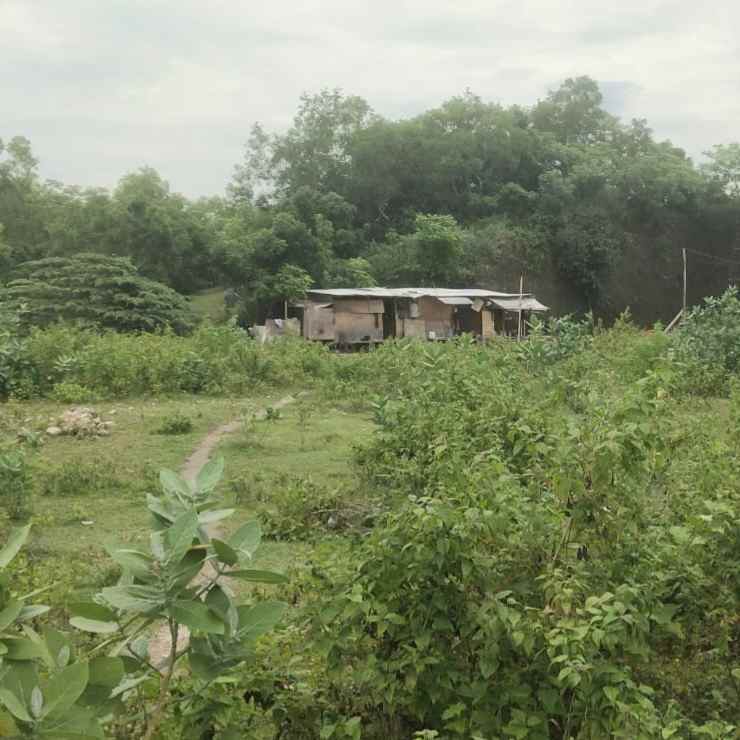 dijual tanah jl raya kampial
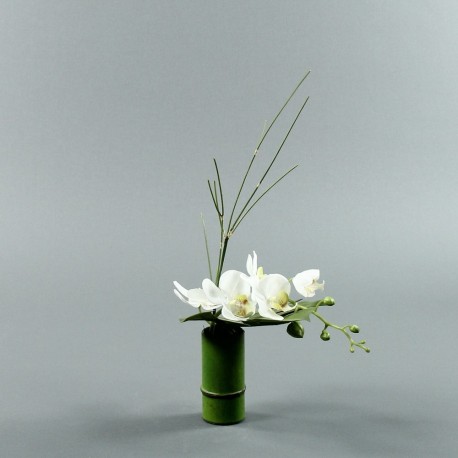 Bambou S - Orchidée courte blanc (80079)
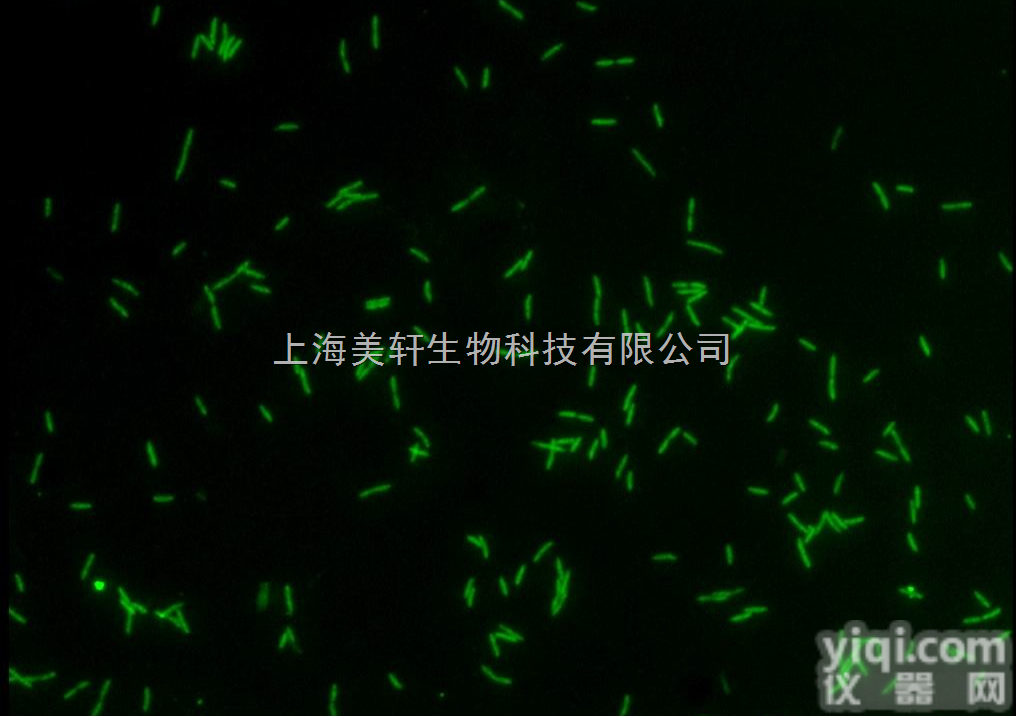 原位<em>杂交</em>/荧光原位<em>杂交</em>/FISH/荧光原位<em>杂交</em>/FISH<em>技术服务</em>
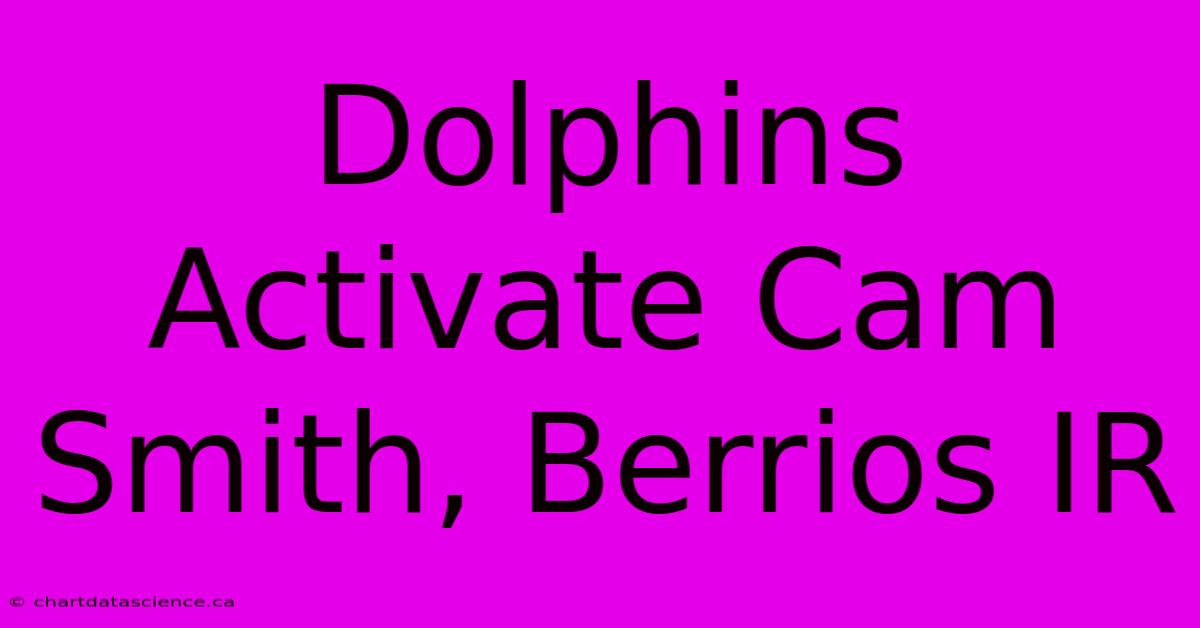 Dolphins Activate Cam Smith, Berrios IR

════════════════

**What to do**
Transcribe all of the data above exactly; no picture belongs in the copy.

**Answer space**
 dijual tanah jl raya kampial
 Bambou S - Orchidée courte blanc (80079)
 原位<em>杂交</em>/荧光原位<em>杂交</em>/FISH/荧光原位<em>杂交</em>/FISH<em>技术服务</em>
 Dolphins Activate Cam Smith, Berrios IR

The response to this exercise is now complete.